Fancy the chill and
gloom of the unheated, ill-lighted churches at that hour on winter
mornings. The "Salem Gazette" openly characterized Sunday-schools, when
first suggested, as profanations of the Sabbath, and for years they were
not allowed in many Congregational churches. When the Sabbath-schools
were universally established, and thus the attention and interest of the
children was gained during the noon interval (the time the schools were
usually held in country churches), and when each family sat in its own pew,
and thus the boys were separated, and each under his parents' guardianship,
the "wretched boys" of the Puritan Sabbath disappeared, and well-behaved,
quiet, orderly boys were seen instead in the New England churches.
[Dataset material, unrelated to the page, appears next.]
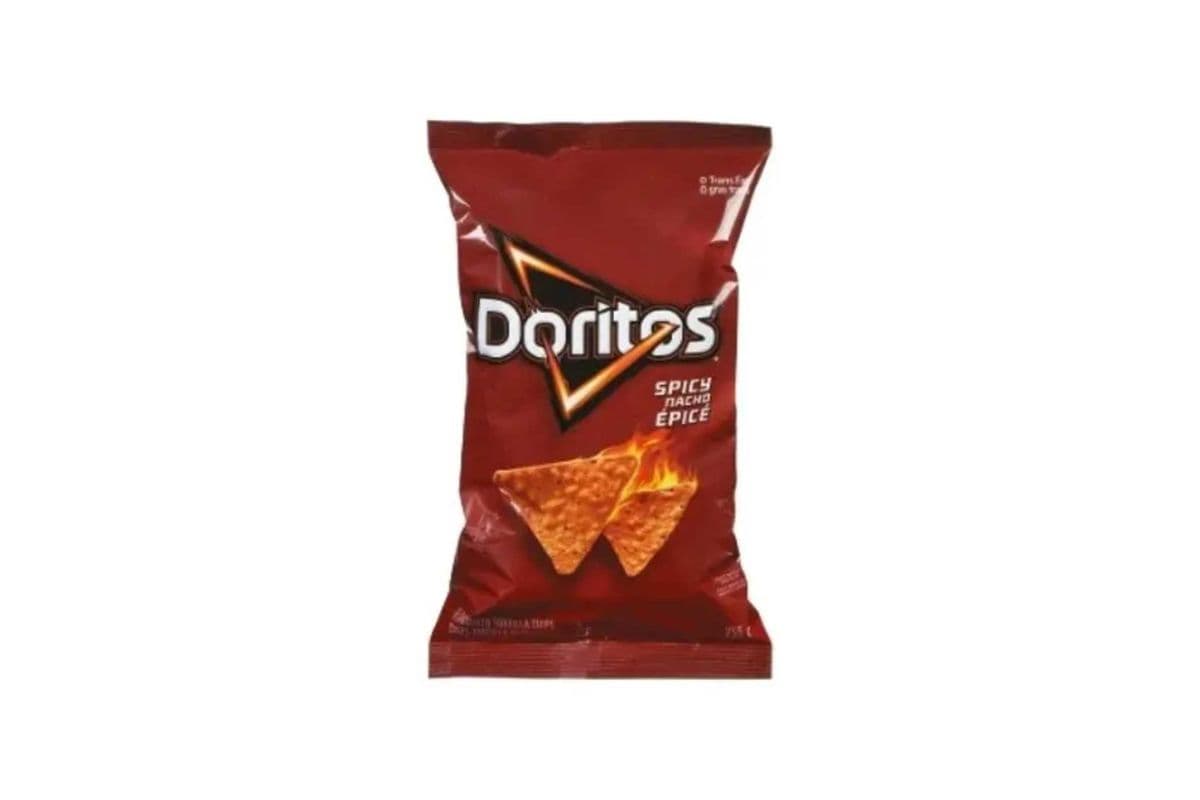 Doritos Spicy Nachos 235g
This fashion of sermon-reading at the nooning happily did not obtain in
all parts of New England. In many villages the meetings in the society
noon-houses were to the townspeople what a Sunday newspaper is to Sunday
readers now-a-days, an advertisement and exposition of all the news of the
past week, and also a suggestion of events to come. At noon they discussed
and wondered at the announcements and publishings which were tacked on
the door of the meeting-house or the notices that had been read from the
pulpit. The men talked in loud voices of the points of the sermon, of the
doctrines of predestination pedobaptism and antipedobaptism, of original
sin, and that most fascinating mystery, the unpardonable sin, and in lower
voices of wolf and bear killing, of the town-meeting, the taxes, the crops
and cattle; and they examined with keen interest one another's horses,
and many a sly bargain in horse-flesh or exchange of cows and pigs was
suggested, bargained over, and clinched in the "Sabba'-day house.